EXERCISE DATA
+++
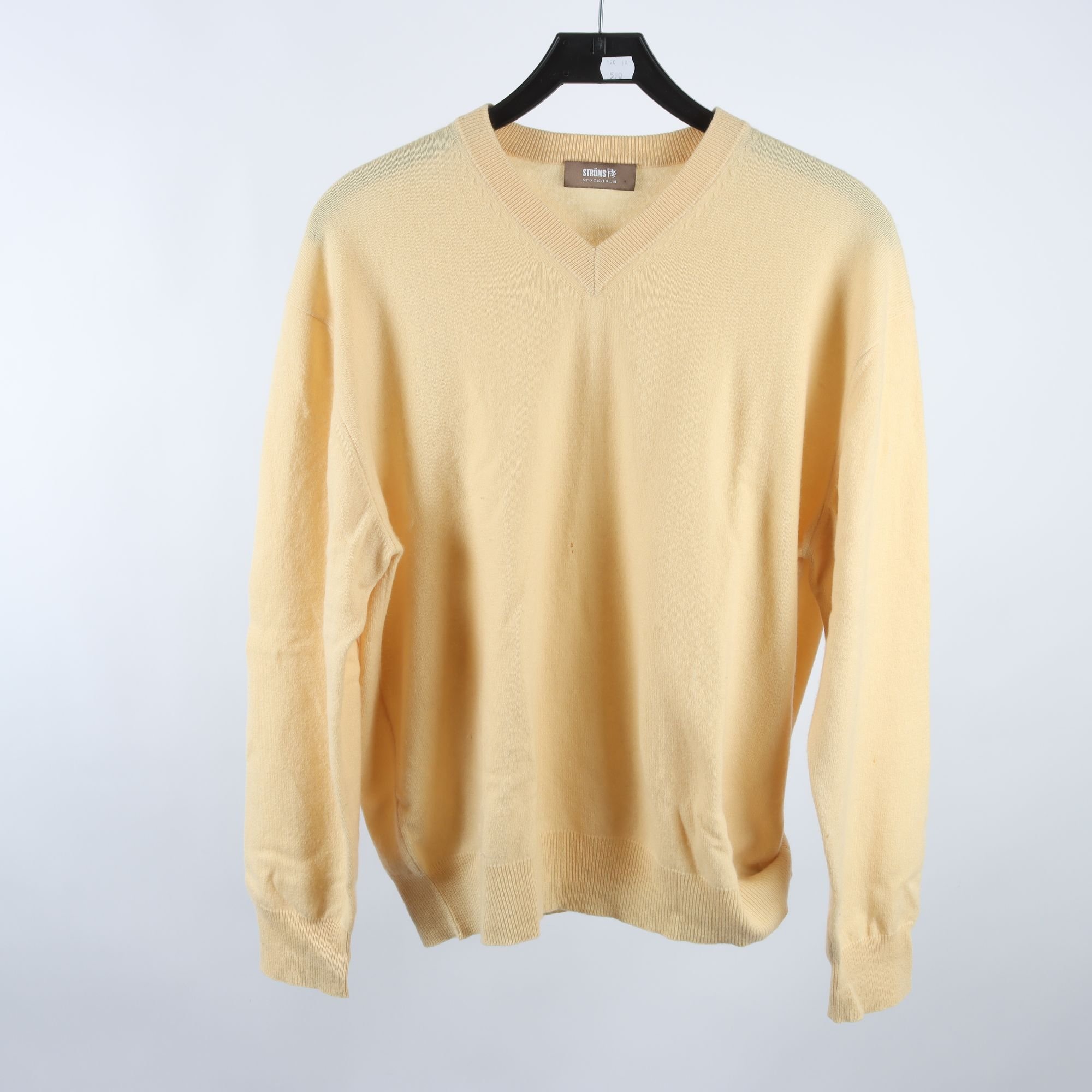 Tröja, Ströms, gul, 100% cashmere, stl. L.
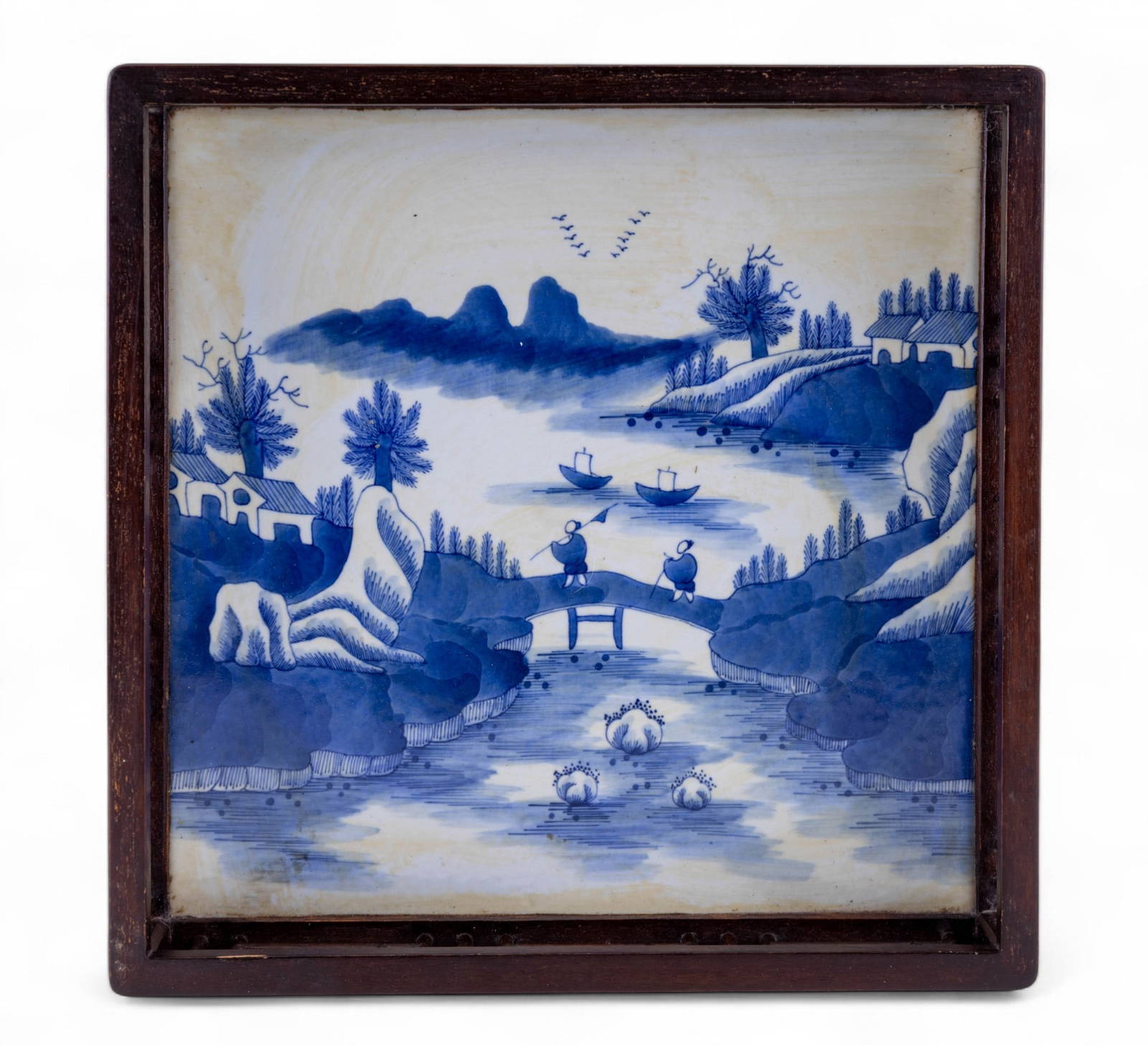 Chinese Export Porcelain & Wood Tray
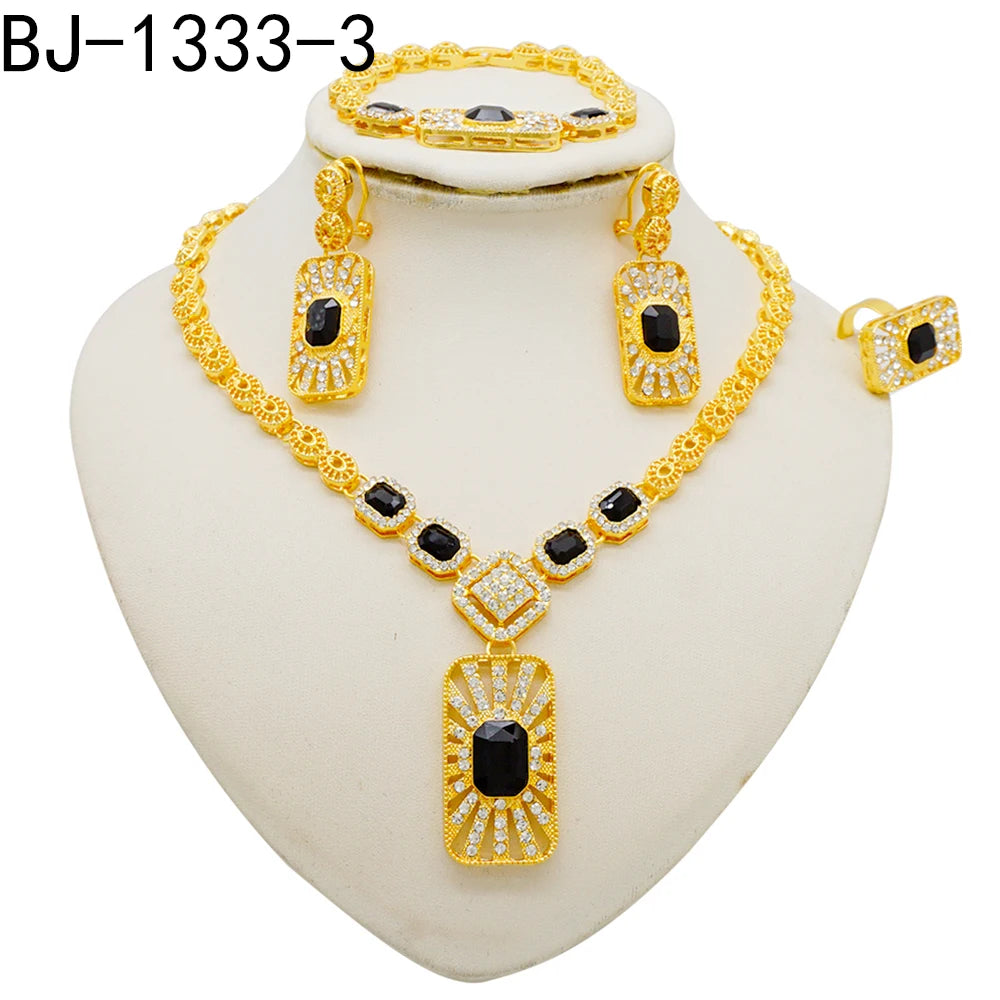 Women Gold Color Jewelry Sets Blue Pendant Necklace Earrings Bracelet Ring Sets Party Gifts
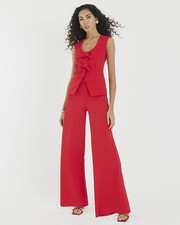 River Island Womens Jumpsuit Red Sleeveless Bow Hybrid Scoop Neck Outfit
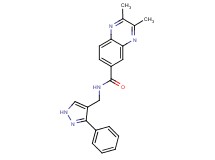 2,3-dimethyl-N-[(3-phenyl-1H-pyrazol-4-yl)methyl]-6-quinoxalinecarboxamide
+++
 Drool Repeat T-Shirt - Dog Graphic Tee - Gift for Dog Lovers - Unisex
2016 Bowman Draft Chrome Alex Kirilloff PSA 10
+++
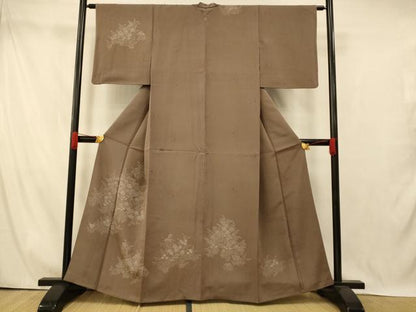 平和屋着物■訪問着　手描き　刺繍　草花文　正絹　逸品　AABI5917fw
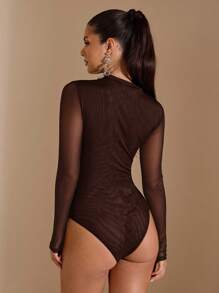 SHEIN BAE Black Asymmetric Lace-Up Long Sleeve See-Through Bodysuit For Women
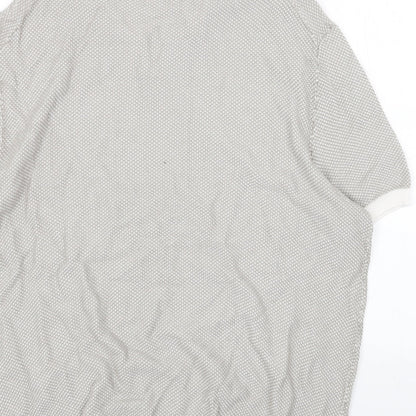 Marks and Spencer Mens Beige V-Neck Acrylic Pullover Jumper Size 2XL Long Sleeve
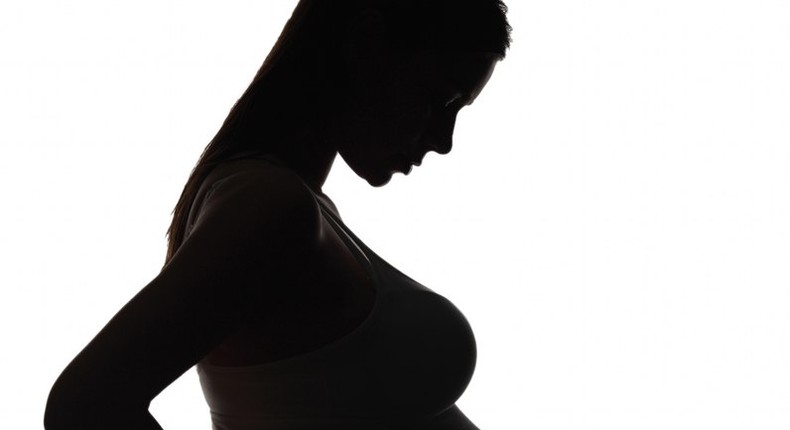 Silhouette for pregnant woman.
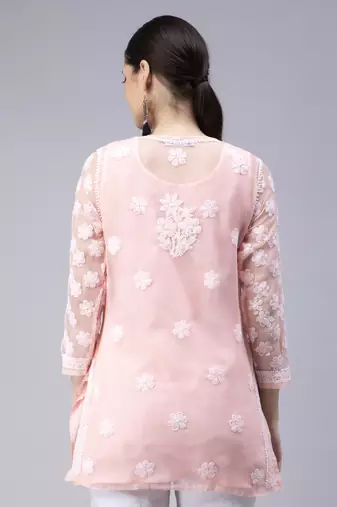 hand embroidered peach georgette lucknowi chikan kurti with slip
+++
Above are the records; copy exactly the lines from the line with "Drool Repeat T-Shirt" through the line with "2016 Bowman Draft", both included.

 Drool Repeat T-Shirt - Dog Graphic Tee - Gift for Dog Lovers - Unisex
2016 Bowman Draft Chrome Alex Kirilloff PSA 10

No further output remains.